“But he was wounded for our transgressions, crushed for our iniquities; upon him was the punishment that made us whole, and by his bruises we are healed.” vs. 5
When the prophet wrote these words about the Servant, he likely had in mind the nation of Israel, and the horrible suffering that had been endured by his people. They’re powerful words, and likely helped his readers come to terms with the punishment their ancestors had endured–perhaps there had been some purpose in Israel’s affliction. Many hundreds of years later these words became for followers of Jesus the perfect explanation for his suffering and death. The cross hadn’t been pointless after all–indeed, it became the core of the good news.

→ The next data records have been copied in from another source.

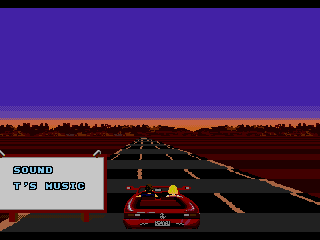 File:OutRun - GEN - Credits.png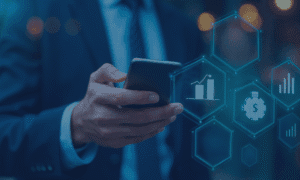 Marketing Cloud Next dashboard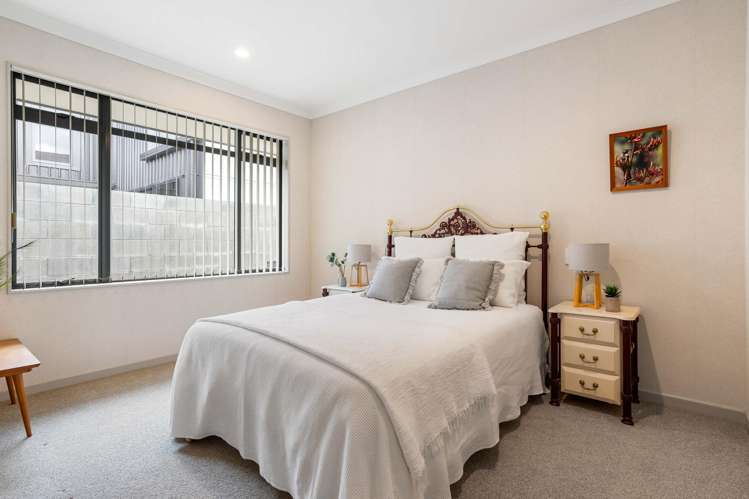 125 Motu Capri Pauanui_17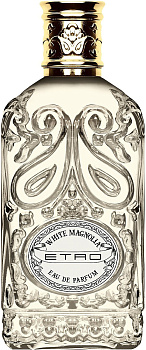 Фото духи Etro White Magnolia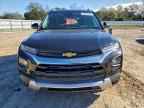 2022 CHEVROLET Trailblazer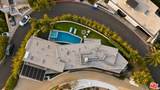 8411 Hollywood Boulevard - Photo 29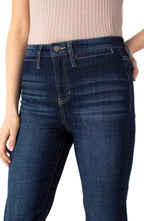 Nouveauté Jeans Automne / Hiver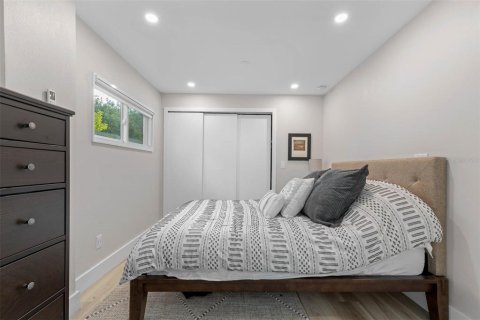 Villa ou maison à louer à Orlando, Floride: 2 chambres, 74.32 m2 № 2434869 - photo 19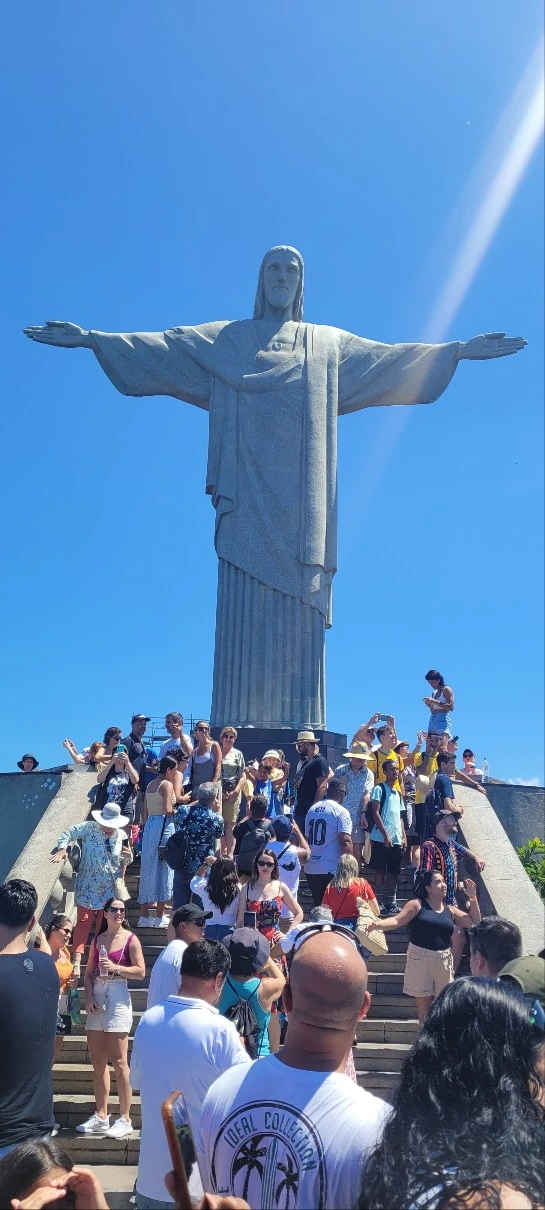 리우 예수상.jpeg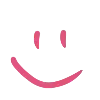 😁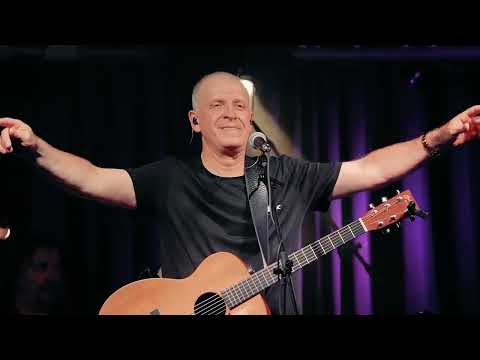 Видео: Корсар - 26 лет в DKRT @LIVE (Часть 2)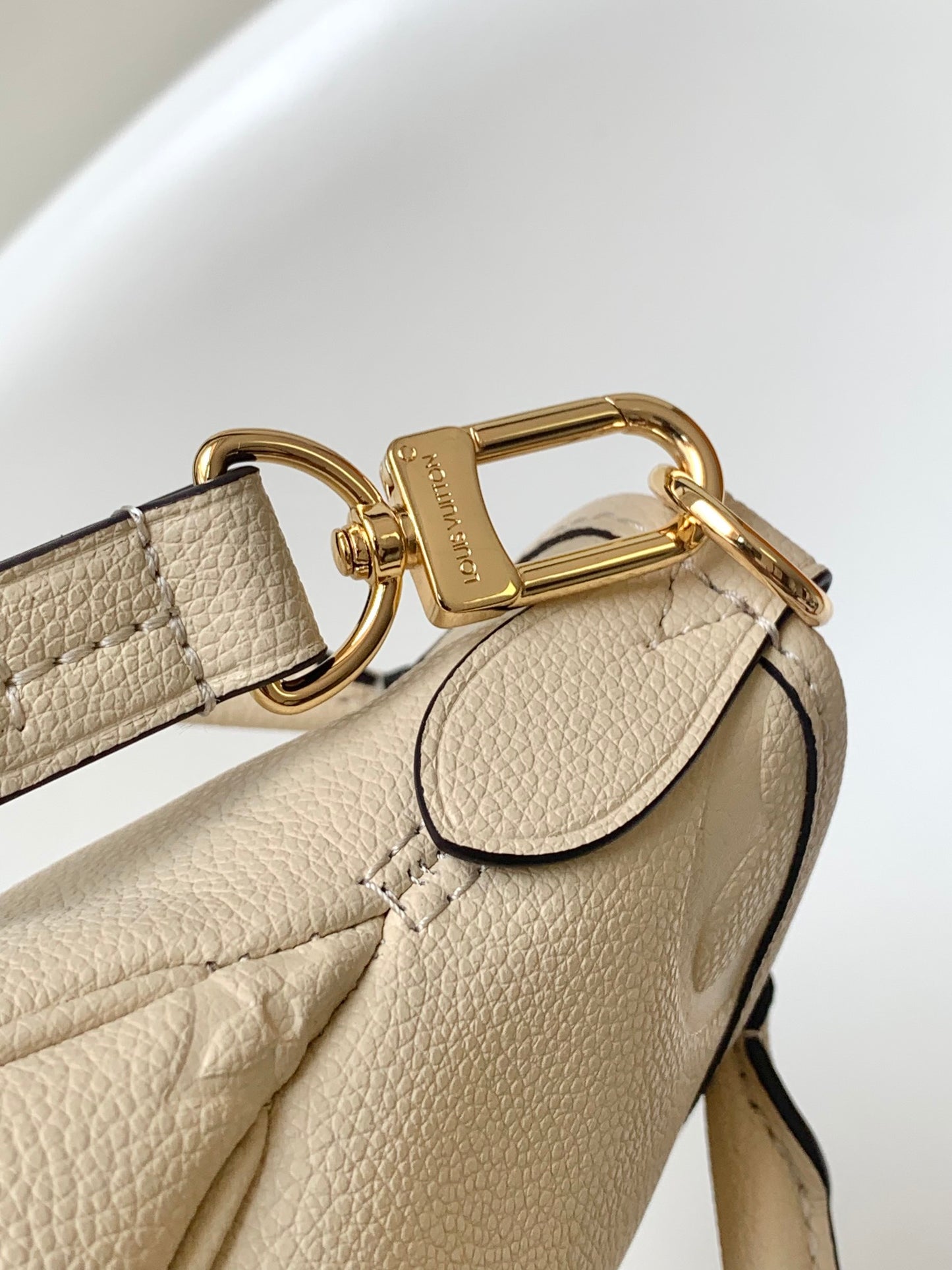 BAG-LV-W-NEW-1475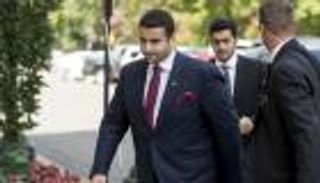 خالد بن سلمان: نسبة النساء بمجلس الشورى السعودي أعلى من الكونجرس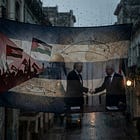 Unpacking Cuba's Ties with Hamas, Hezbollah, Iran, and U.S. Pro-Palestine Groups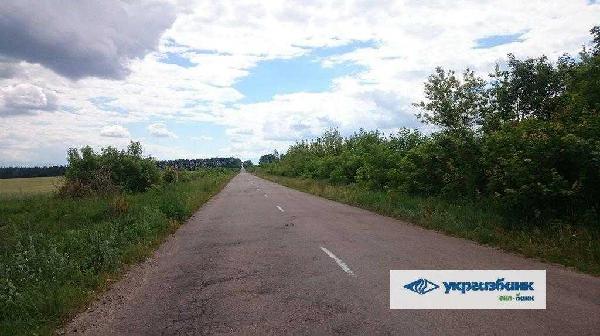 земля продам село Мостище, фото 14 з 15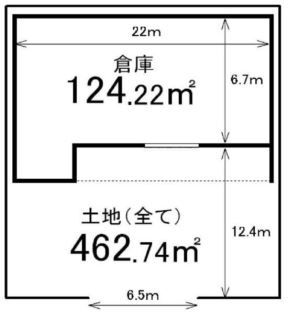 図面
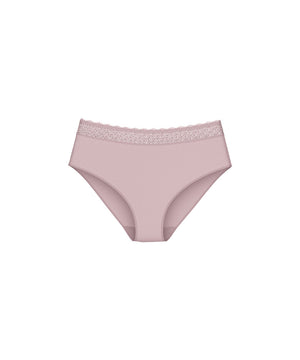 Feel of Modal - Midi - 1596 SOPHIA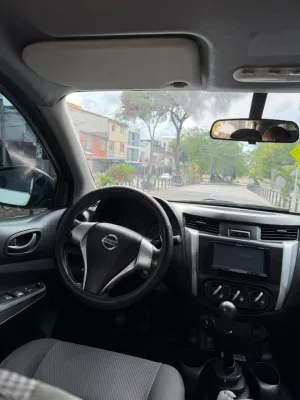 Renault Sandero Life 2021 — foto 4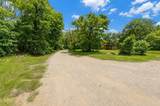 289 County Road 1661 - Photo 6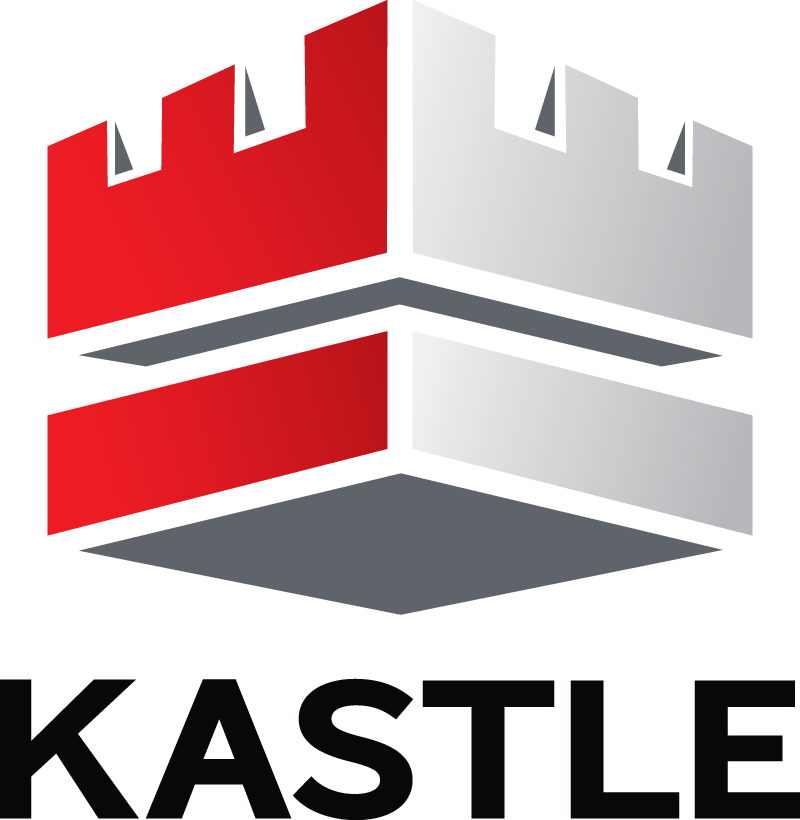 KastleLogo_PRIMARY_Systems_removed-2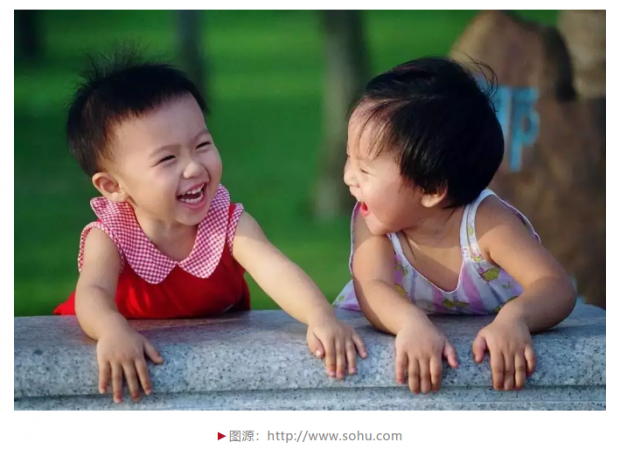  ​全面二孩政策下，中国的性别平等问题何去何从？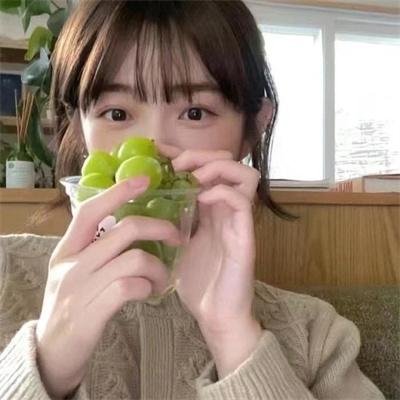 江南丧尸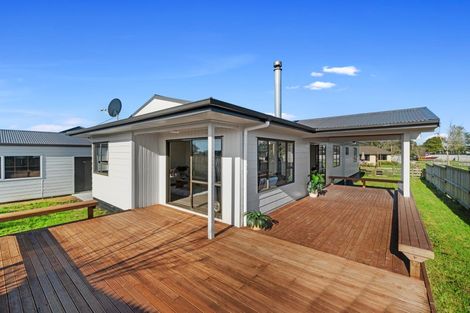 Photo of property in 66b Horotiu Road, Horotiu, Hamilton, 3288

Soon apostles were going to all the known world to tell sinners that in the death of Jesus all of their sins had been forgiven. Jesus had been wounded for their transgressions, and in response millions of people have turned to the cross to find wholeness and healing. And even when our theologians’ atonement theories stop making sense, and are rightly put on the shelf, the message of Good Friday rings true in our hearts. God loved us so much that in Jesus God died for us–there can be no greater example of love and reconciliation. Sin persists in this world–it’s ugly and pervasive and touches us all. But God in Christ brings forgiveness–and it’s a gift of pure grace. No wonder this day is called “Good.”
Thought for the Day: What Good Friday memory is dear to me?